I only see you on English only. Always fun to read!

HERZLICHEN GLÜCKWUNSCH!


----------



## badgrammar

Danke dir, Heidita! Wenn du sehst mir in die/der/das Deutshe forum, dann du werde wissen, warum ich heisse "Badgrammar".  I first found ths site when I needed a translation for a short film into German (if you send me a PM, maybe I'll try to send you a link so you can see me speaking German in this skit that Rolf and a coule of others helped me translate - Viel viel lustig!).


----------



## fenixpollo

Hope I that you be having a excellent time in the celebration of you're thousands post. 

Happy Potsiversary, badgrammar.


----------



## badgrammar

Thanks again to you all, I'm leaving for Texas tomorrow, hope ya'll won't miss me too badly - I'll be sitting in a lawn chair somewhere on the golf coast for the next three weeks (lustily sipping margaritas, no doubt )!  Hope you all have a great summer! 

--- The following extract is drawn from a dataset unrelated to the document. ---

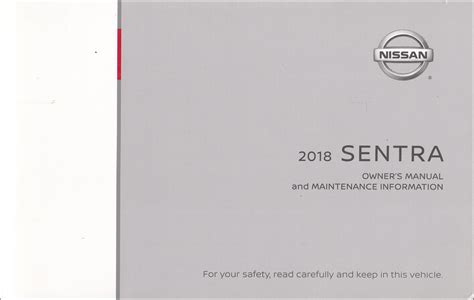 2018 Nissan Sentra Owner Manual Manual and Wiring Diagram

Fenix, looks like you've been dipping into the tequila already!!!


----------



## lauranazario

Congratulations, Badgrammar!

In honor of your first 1000 posts, allow me to give you  a small, fun present. 

Saludos,
LN


----------



## Outsider

Félicitations, Badgrammar. 
Je m'excuse de vous avoir défamé récemment. ​


----------



## Fernita

*Congratulations Badgrammarrrrrrrrrrrrrrrrrrrrrrrrrrrrrrrr!!!!!!!!!!!!*

*Please, could you make at least one grammatical mistake just to know you´re human? *

*A huge hug,*
*Fernita.*​


----------